Judy Rhodes, who owns the landmarked Charlie Parker House on Avenue B, former home of the bebop legend, is a WiFi-NY subscriber. After his presentation, she asked Garrin if he’d adjust her receiver because her reception had been a little off. Because her building is almost straight down from the Christodora House’s penthouse, it’s a bit hard to hit there, Garrin admitted, since the signal is basically beaming out, rather than down, from Christodora. But Garrin said he could fix it, no problem. It’s just a matter of positioning the equipment correctly.

“There’s an art to it,” he said.

Rhodes also gets Time-Warner service because she loves to surf the ’Net, but plans to drop it once Garrin’s network speed increases and since, she said with relish, “I love to stick it to Time-Warner.”

Similarly, it’s hard for Michael Rosen, who allows Garrin to install his equipment on his penthouse terrace, to get service from WiFi-NY — again because the signal is beaming out from — not into — Christodora House.

Garrin plans to solve the problem by connecting the transmitter to an existing electrical wire running into Rosen’s apartment, which will carry the signal to Rosen’s computer. This can be done, Garrin assures.

Indeed, Garrin has a history of doing things his own way — and of being on the cutting edge of both art and technology. He became famous for breaking the story of the 1988 Tompkins Square Park riot. He had been doing video camera work at Broadway Video in Midtown, when a brownout hit, and taking a taxi home to the East Village, he found himself in the middle of the riot. He jumped on top of a van and started filming with his camcorder. Police were swinging their clubs at him yelling at him to get down.

“I’m getting down! I’m getting down!” Garrin yelled, as he kept filming. It was before TV news started accepting people’s videotapes, but he managed to interest a station in his. The story got out, helping spark the “camcorder revolution.”

“This was two years before Rodney King,” Garrin noted. He subsequently became the inspiration for the camcorder-toting character Mark in Jonathan Larson’s musical “Rent.”

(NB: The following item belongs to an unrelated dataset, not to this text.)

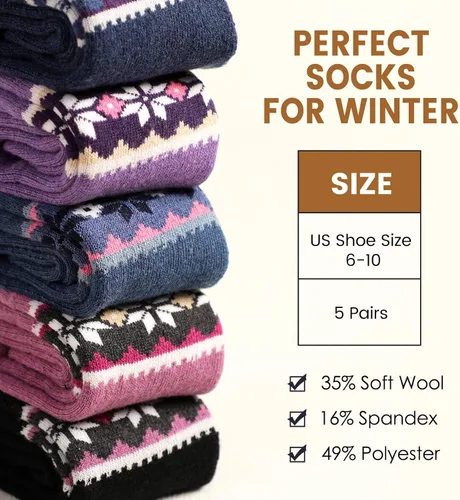 Vista 2 de 5 pares de calcetines de lana cálidos y acogedores para mujer, calcetines vintage lindos de invierno, regalos de punto grueso súper suaves, 38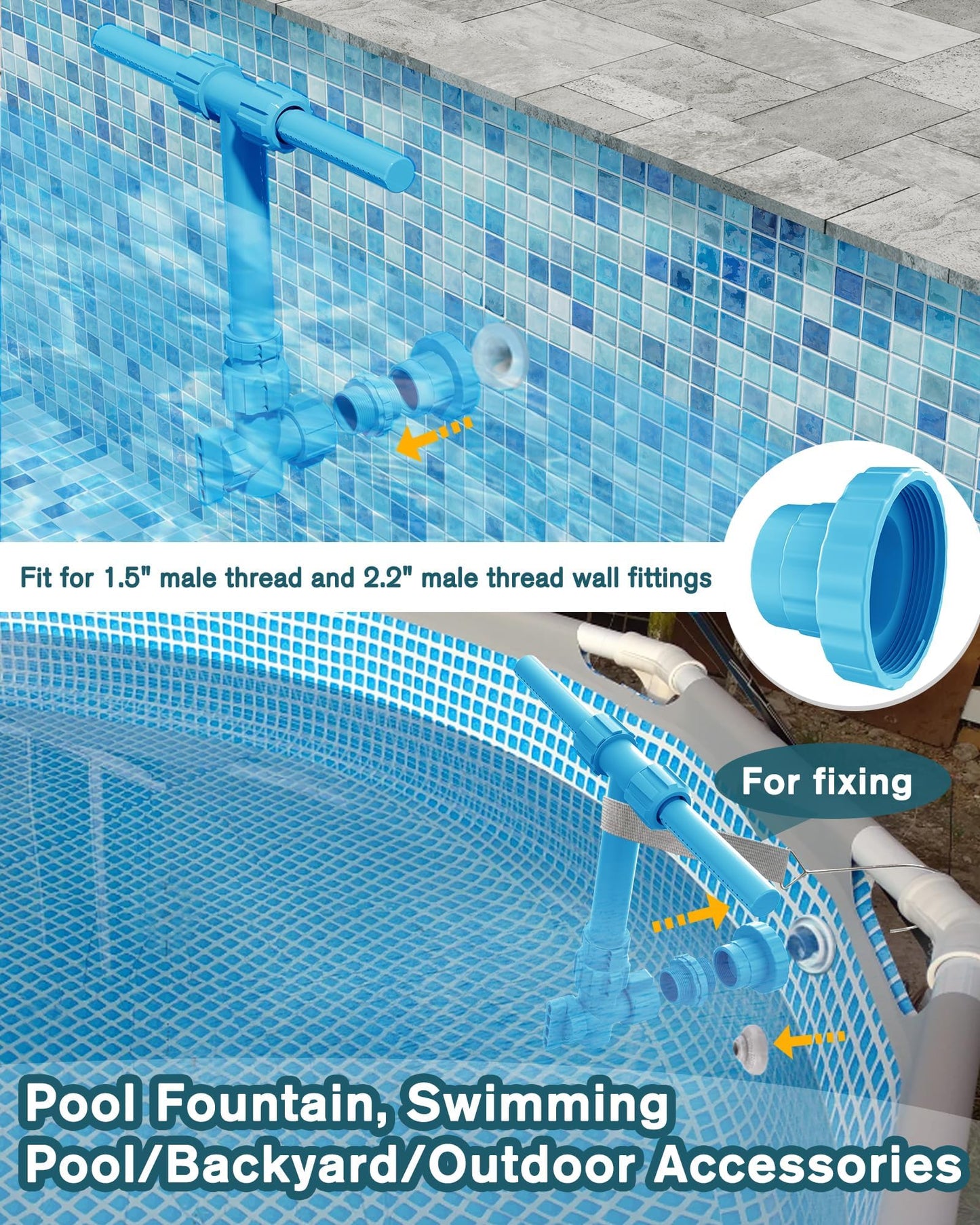 Pool Fountain, 2-in-1 Water Fountains with 360° Adjustable Dual Spray Retractable Height High-Pressure Waterfall Sprinkler for Above Ground/Inground Pool Accessories, Swimming Pool Spa Cooling, Blue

Garrin, from Camden, N.J., came to the East Village in 1978 to study fine art at Cooper Union. In the 1980s, he became a main collaborator of acclaimed video artist Nam June Paik.

Through teaching a Photoshop-type class at New York University, Garrin got into computers in 1995, and immediately started pushing the boundaries. He filed an antitrust suit in 1997 over the issue of domain names — like .net, .com and .org — arguing that the process of creating a new domain name was too restrictive and expensive because it was controlled by U.S. government-sanctioned monopolies. Garrin, for example, was the first to use the domain name .info.

“The reason you can buy a domain name for $10 is because I sued Network Solutions,” he said.

In 2001, with Frank Morales and Christine Wang, he founded Free.The.Media!, an autonomous think tank whose purpose, according to its Web page, is to “reclaim public space on the ’Net and preserve free expression, privacy and access for all, through education, community ownership of media infrastructure and the development of open-source software.”

For now, Garrin is focusing on raising capital for GREENlined for WiFi-NY. He’s “selling pixels” for 25 cents a pop and hopes to sell 1 million of them, totally filling his greenlined.org home page with ads or messages from the buyers.

This summer he’s also putting in his equipment at outdoor concert venues where installing traditional Internet infrastructure would be impractical. Two weeks ago, he spent a day on the roof of the McCarren Park Pool hooking up WiFi-NY for concert support staff.

“I installed all the hardware and made technical adjustments,” Garrin e-mailed The Villager later that afternoon. “As you can see, I’m able to send my e-mail over WiFi-NY from here on the rooftop, looking back at the East Village from Williamsburg!

“Best of all, the link is fast and clean and the client is happy.”